Mais disse Nicolau Santos: que as empresas de Luís Filipe Vieira deixaram uma dívida de 17 milhões do BPN à Parvalorem, do Estado, e tinham ainda por pagar 600 milhões de crédito do BES; que o ex-líder da bancada parlamentar do PSD, Duarte Lima, deixou perdas tanto no Novo Banco como no BPN, e que Arlindo Carvalho, ex-ministro de Cavaco, também foi acusado por ilícitos relacionados com crédito concedido pelo BPN para compra de terrenos. Outro dos homens fortes do cavaquismo, Dias Loureiro, era arguido, desde 2009, por compras de empresas em Porto Rico e Marrocos e suspeita de crimes fiscais e burlas. Todavia, seis anos depois, o Ministério Público ainda não acusara Dias Loureiro, e o processo acabou por ser arquivado.

Já em 17 de Fevereiro de 2017, Nicolau Santos escreveria, a propósito dos constantes ataques da direita ao ministro das Finanças, Mário Centeno: “Na verdade, o que a direita não suporta é que Centeno tenha provado que era possível trilhar outro caminho económico, com menos sacrifícios para os portugueses, e mesmo assim conseguir reduzir o défice para valores historicamente baixos, o mais baixo em 42 anos de democracia, coisa que a direita nunca conseguiu até agora. O que a direita não perdoa a Centeno é que tenha conseguido fazer isto colocando a economia a crescer um pouco mais do que se esperava, com o regresso do investimento, a subida das exportações, a melhoria do clima económico e do indicador de confiança”.

Alguns meses antes, a 26 de Julho de 2016, referindo-se às sucessivas crises da banca portuguesa, “que em nada abonam a favor da elite financeira-industrial que as portas de Abril abriu”, o jornalista Sérgio Figueiredo, ex-director do “Diário Económico” e actualmente director da TVI, escrevia: “Sem ambiguidades, nem meias palavras, as três tragédias recentes (da banca) têm três responsáveis bem identificados: o PSD (que tem a responsabilidade activa); a sua ministra das Finanças (que personifica a arrogância ignorante ou a ignorância arrogante, tanto faz…); e o CDS (em cumplicidade silenciosa, porque antes coligado do que morto)”. Mais: “Culpar a geringonça por um buraco de três mil milhões no Banif, por outro tanto na CGD e pelo imbróglio do Novo Banco é ofender a inteligência dos portugueses. Pior: justificar este terramoto na banca nacional com os últimos seis meses (Janeiro a Julho de 2016) é impedir que um dia se esclareça o que quer que seja. Não houve um terramoto financeiro em Portugal, simplesmente o sistema está a ruir por dentro”. E ainda mais: “Costa, Centeno e companhia são responsáveis por muita coisa, podiam por exemplo carregar baldes de água em vez de depósitos de gasolina. Mas não são eles que devem responder pelo fogo que encontraram na tomada de posse. Por isso, não é admissível o papel que Passos Coelho anda(va) a fazer – porque contrasta com a seriedade dos anos em que aplicou a inevitável austeridade. E não é decente a figura de alguns dos seus mentecaptos no Parlamento”. Seria difícil ser mais incisivo.

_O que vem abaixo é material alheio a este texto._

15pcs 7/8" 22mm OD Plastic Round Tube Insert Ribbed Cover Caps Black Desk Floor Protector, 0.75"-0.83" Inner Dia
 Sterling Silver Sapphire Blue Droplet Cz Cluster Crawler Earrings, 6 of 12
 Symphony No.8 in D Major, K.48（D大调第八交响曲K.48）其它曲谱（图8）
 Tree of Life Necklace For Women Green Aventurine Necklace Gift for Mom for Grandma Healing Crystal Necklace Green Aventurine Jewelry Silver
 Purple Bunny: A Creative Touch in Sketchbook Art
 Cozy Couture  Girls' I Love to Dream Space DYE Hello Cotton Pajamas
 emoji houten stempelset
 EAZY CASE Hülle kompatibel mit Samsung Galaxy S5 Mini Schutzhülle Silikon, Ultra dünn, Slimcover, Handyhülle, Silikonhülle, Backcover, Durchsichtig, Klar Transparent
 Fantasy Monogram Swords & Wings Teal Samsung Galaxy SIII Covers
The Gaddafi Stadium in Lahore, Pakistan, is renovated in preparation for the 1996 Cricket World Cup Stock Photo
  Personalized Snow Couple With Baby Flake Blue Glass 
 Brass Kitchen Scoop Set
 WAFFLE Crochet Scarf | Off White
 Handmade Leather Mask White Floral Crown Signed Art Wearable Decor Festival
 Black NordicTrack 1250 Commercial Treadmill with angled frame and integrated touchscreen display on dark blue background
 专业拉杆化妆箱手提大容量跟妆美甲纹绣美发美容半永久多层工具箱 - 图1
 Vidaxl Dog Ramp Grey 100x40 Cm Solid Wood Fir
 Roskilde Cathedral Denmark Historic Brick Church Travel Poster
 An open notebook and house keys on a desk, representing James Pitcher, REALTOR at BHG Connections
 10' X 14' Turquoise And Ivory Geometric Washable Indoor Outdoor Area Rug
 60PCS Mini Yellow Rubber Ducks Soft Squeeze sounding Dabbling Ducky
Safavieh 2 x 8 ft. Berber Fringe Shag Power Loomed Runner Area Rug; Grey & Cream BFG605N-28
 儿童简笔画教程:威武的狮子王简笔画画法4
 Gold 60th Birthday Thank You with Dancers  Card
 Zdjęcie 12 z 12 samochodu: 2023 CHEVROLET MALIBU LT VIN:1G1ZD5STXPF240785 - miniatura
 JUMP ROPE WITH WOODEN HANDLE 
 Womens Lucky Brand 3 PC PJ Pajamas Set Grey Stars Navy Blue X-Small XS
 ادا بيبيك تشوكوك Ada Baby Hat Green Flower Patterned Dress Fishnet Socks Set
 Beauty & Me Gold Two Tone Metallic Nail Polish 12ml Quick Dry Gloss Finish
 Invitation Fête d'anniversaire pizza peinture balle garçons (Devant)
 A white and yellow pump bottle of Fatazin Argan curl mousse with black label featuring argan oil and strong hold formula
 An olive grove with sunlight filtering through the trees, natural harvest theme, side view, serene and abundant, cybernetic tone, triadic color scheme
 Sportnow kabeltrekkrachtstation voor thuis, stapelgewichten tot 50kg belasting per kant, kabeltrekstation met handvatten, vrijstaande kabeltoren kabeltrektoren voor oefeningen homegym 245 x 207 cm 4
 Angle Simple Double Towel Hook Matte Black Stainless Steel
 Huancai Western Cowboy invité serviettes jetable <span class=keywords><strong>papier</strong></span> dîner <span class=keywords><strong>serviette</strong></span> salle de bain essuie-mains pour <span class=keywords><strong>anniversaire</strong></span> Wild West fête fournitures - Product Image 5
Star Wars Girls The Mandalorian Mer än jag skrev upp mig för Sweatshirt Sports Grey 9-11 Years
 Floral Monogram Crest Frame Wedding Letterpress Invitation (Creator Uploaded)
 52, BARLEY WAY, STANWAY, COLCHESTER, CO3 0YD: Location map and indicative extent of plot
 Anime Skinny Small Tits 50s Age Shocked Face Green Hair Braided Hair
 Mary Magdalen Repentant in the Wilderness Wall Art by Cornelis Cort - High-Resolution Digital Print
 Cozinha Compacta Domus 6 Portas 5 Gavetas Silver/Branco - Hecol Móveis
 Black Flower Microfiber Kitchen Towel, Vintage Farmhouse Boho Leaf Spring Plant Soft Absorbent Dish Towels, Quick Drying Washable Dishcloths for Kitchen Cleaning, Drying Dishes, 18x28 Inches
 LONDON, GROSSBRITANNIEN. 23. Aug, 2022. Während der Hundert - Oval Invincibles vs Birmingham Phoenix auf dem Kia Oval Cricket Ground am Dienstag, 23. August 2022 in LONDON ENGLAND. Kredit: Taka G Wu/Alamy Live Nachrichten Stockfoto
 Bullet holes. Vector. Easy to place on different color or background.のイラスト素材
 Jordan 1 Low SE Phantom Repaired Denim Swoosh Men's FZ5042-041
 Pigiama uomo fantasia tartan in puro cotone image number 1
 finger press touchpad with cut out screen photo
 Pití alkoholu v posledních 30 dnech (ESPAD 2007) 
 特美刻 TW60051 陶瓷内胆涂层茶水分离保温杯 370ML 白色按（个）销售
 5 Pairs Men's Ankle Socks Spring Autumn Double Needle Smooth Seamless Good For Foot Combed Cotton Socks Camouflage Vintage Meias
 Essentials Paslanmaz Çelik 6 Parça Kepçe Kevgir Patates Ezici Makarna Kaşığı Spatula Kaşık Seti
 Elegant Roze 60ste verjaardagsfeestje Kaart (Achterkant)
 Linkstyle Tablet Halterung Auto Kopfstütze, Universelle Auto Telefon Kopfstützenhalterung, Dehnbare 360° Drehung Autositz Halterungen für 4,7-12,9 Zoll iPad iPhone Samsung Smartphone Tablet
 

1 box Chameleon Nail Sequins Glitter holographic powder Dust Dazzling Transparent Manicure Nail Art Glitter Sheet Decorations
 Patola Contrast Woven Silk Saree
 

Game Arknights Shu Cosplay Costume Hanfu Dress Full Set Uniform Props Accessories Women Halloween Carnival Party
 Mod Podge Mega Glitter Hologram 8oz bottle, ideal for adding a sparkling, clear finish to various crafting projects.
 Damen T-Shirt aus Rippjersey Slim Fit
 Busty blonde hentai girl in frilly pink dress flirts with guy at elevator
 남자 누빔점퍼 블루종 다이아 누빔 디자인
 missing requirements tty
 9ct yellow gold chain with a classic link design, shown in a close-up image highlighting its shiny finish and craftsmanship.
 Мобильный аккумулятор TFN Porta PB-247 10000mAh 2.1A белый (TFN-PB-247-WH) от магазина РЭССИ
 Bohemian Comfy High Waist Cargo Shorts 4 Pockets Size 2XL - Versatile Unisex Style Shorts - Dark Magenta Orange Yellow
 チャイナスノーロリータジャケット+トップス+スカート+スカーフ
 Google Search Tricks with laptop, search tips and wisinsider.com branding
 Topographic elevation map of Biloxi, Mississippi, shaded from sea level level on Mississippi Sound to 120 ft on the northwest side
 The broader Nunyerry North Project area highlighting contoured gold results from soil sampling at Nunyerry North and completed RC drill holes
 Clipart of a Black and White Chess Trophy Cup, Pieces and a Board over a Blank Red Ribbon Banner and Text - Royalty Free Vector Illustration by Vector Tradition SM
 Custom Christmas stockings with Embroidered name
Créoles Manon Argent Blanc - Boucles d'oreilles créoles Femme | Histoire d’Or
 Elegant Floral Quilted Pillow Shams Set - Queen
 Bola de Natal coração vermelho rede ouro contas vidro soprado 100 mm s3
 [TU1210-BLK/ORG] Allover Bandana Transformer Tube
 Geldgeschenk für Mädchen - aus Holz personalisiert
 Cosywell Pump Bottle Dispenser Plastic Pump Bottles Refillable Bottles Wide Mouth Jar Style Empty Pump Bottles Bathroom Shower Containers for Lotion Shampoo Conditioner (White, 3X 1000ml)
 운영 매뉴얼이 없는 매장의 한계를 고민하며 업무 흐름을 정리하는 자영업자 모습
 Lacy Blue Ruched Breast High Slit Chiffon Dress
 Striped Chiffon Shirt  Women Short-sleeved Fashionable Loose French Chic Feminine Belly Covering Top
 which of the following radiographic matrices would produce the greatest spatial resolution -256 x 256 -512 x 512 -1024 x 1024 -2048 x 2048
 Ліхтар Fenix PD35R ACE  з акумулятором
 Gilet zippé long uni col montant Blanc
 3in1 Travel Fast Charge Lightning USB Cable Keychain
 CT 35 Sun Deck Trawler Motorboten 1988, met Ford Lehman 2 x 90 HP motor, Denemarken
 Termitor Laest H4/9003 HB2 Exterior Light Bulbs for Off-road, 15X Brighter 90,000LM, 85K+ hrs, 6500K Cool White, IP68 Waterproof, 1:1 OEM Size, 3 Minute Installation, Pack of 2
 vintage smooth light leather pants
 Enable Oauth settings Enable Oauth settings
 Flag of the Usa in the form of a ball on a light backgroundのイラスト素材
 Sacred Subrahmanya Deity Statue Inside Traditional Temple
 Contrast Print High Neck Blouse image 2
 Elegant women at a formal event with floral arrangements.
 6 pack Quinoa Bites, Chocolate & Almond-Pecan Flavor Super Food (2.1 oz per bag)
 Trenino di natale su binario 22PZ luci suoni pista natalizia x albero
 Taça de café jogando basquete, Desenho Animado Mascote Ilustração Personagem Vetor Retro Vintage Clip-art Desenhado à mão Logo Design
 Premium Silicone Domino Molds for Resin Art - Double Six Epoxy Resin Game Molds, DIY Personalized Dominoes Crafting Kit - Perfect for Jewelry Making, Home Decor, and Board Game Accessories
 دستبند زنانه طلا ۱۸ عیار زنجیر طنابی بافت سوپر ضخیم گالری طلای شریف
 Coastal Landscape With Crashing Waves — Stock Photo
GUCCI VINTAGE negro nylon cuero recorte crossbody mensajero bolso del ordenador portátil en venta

Passos Coelho e alguns destes “mentecaptos” já se foram embora, mas o sonho deles é voltar e recomeçar a obra de destruição do Trabalho para beneficiar o Capital. Além de ainda restarem os “mentecaptos” que ficaram e não arredam pé. Se há coisa que a direita portuguesa, no estado em que está desde Durão Barroso e Santana Lopes, já provou que não tem, é vergonha na cara, memória do mal que fez e capacidade para reconhecer os graves erros que cometeu e os enormes escândalos a que está directa ou indirectamente ligada. “Quod erat demonstrandum”!